A great deal of what we see on the big screen now are formula films. Hollywood has a certain formula which is not transgressed; this is a shame because so many great ideas are spoil t by this.
You can have a superb plot spoilt by the music queuing your emotions at the wrong moment, or the hero having lost his family and of course its a little girl and her adorable mother and now he is out for revenge.
The old fashioned idea of black hats being the bad guys is still there and is carried on over into real life in many ways, for instance the wearing of leather is a sure sign, another one is the accent - cut glass English, sure to be a real villan - even german.

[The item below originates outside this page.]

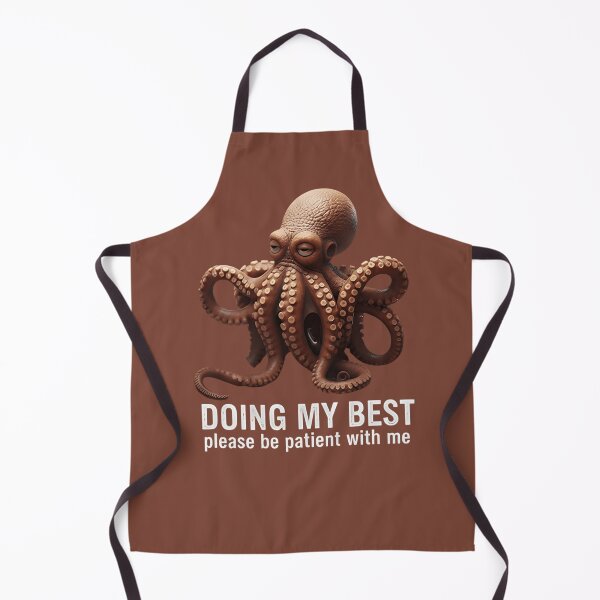 Item preview, Doing My Best Octopus Shirt – Cute Overwhelmed Octopus Meme Sticker & Anxiety Aesthetic Tee designed and sold by ZyxDes.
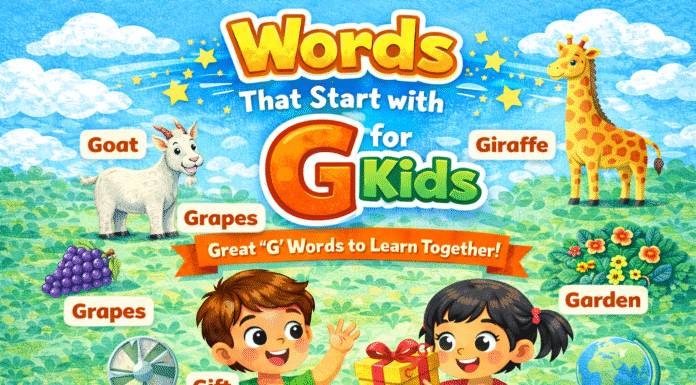 Words That Start With G for Kids Words That Start With G for Kids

Shaved heads, ooh somethings wrong, surely a drug dealer.
Interestingly enough Kevin Costner put this subject in a clear perspective when he asked the maker of a Russian film which won many awards if he would like a commentary on his work.
Delighted the producer provided a private viewing - he was even more pleased when Mr Costner appeared with a team of 6 - all of them furiously making notes.
The producer thought that now he was going to get technical advice on lighting, sound and so forth from one of the worlds most renowned producers and actors.
A package of notes duly arrived and much to the producers amazement it consisted of a diatribe on how the villain should not have been an American, how there should have been an American in the Russian crew and so forth.
With so much of the production of films playing lip service to the "codes" it is a delight to find films such as delicatessen, chocolate, the fith element and such like, however in spite of the annoying formulas Swarzenheggers(bet i spelt that wrong) true lies is a delight to watch, red sonja and conan are not too bad either.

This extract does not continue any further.